De acordo com o evolucionismo de Charles Darwin, a evolução da espécie humana, e de todas as outras espécies, se dá pela adaptação. O ser humano talvez seja um dos mais adaptáveis e conseguimos avanços prodigiosos nos últimos milênios.
Entretanto é um processo lento, e o motociclismo não possui tanto tempo assim. Estando por aí desde apenas 1900 e pouco, não deu tempo para que o homem desenvolva adaptações, instintos e reações adequadas para pilotar motocicletas no modo automático. Não somos preparados para isso. Nada na natureza nos equipou para os desafios de equilíbrio e velocidade que as motos crescentemente apresentam.
Nossos reflexos, instintos, são treinados para outro tipo de perigos, como o ataque de outros animais, para procurar comida e sexo. Não temos um só reflexo adequado para as situações que uma motocicleta em alta velocidade desenvolve.
Dito isto, pilotar uma motocicleta em qualquer velocidade tem que ser uma atividade completamente consciente e intelectual. Todas as decisões sobre traçado e comandos tem que ser o resultado de um plano intelectual, inteligente e eficiente.
Manter a capacidade de pensar, planejar e executar conscientemente os comandos é a essência de pilotar uma motocicleta. É sempre permanecer no comando, sem nunca entregar ele, o comando, para um instinto despreparado, incompetente para tomar as decisões necessárias.
O instinto, o susto, provocam uma reação em cadeia previsível e possívelmente mortal, interditam o pensamento e levam a reações automáticas que são exatamente o contrário do que é necessário para resolver os problemas que se apresentam nas pistas, ruas e estradas.
Problemas estes que muitas vezes nem existem. É uma invenção, um pensamento, uma possibilidade apenas, entre muitas. Nosso cérebro é capaz de instantaneamente criar situações imaginárias, mas que podem se tornar realidade rapidamente, pois engatilham reações físicas e hormonais que irão tornar um pensamento realidade.
Pilotar é entender os mecanismos do pensamento quando controlando uma motocicleta. É entender o que a moto faz, o que ela precisa e o que seu cérebro precisa para manter-se calmo e apto a tomar as boas decisões.

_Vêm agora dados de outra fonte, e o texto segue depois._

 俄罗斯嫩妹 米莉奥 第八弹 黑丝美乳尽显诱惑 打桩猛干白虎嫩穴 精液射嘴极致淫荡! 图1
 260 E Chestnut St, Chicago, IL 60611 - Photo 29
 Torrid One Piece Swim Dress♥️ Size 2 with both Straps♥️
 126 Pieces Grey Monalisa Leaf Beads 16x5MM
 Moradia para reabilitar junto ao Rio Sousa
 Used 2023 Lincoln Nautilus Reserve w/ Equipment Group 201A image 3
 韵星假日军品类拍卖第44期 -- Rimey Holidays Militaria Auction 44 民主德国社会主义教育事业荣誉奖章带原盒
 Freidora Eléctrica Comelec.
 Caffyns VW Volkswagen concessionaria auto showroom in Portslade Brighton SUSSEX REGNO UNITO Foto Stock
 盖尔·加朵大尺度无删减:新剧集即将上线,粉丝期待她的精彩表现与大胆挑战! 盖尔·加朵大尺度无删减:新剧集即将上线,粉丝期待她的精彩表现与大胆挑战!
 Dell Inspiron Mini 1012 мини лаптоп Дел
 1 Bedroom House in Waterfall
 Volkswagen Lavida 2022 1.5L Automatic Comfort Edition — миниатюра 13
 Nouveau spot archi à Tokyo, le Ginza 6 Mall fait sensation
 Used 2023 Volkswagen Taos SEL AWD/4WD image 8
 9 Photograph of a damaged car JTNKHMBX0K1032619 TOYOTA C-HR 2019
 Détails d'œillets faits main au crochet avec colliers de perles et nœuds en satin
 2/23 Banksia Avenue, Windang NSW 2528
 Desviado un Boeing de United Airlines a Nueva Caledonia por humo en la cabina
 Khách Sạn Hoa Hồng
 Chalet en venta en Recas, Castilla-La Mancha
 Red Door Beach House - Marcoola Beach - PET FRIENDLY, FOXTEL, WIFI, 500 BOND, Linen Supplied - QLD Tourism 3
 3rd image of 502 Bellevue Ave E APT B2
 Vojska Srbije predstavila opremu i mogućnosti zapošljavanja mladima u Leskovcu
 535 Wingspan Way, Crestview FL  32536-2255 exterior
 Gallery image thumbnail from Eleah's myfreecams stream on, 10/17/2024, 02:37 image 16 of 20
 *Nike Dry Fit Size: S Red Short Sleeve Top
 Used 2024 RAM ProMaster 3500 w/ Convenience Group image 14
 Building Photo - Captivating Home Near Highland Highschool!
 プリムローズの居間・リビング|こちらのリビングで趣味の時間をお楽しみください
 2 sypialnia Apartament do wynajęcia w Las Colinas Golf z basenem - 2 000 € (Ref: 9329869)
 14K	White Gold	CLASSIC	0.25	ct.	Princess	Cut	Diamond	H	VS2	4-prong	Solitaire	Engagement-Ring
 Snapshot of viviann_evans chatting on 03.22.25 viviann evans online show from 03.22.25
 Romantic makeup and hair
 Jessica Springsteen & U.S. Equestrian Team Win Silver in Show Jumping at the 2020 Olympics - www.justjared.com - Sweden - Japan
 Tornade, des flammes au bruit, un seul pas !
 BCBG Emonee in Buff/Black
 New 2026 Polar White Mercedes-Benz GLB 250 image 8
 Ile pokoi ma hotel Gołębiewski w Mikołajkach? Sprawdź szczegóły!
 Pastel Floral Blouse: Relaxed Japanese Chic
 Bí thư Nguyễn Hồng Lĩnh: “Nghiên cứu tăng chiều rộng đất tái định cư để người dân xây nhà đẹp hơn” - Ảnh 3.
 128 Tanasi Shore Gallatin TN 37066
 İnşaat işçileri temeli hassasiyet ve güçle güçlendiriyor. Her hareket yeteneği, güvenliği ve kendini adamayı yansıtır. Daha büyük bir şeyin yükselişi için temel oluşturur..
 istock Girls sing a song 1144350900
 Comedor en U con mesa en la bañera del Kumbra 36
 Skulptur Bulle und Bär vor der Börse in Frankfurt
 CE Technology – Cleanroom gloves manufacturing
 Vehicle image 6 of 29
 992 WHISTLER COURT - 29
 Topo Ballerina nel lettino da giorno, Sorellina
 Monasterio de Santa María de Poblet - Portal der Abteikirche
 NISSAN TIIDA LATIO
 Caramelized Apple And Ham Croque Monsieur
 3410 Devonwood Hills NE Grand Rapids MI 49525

Os pilotos precisam entender que o que faz disparar o pânico não é, na maioria das vezes, algo real. É algo imaginário, uma possibilidade. Ao percorrer uma situação com sua moto o piloto faz planos e espera que a realidade se encaixe neles. Ele imagina uma linha no chão, faz um plano de traçado, e se consegue se manter nele o plano é tido como bom e o controle é exercido sem problemas.
Mas, se por algum motivo, uma mancha preta, um buraco ou qualquer outra coisa, a motocicleta não consegue se manter no plano originalmente concebido, coisas ruins podem acontecer, o instinto assumir o controle por completo e o piloto vira um passageiro em sua moto.
Veja que não precisa escorregar, não precisa sacudir, não precisa estar muito rápido. Basta apenas que a realidade desalinhe com o seu plano, para que se crie uma emergência imaginária que vai piorando as coisas e no limite, derruba a moto.
Uma moto em movimento é um objeto muito estável, é projetado para isso. Quantas vezes já vimos uma cena onde o piloto cai e a moto vai embora sozinha? A parte mais instável no conjunto é o piloto. Fora as quebras mecânicas, em todos os outros casos é o piloto que derruba a motocicleta, nunca o contrário.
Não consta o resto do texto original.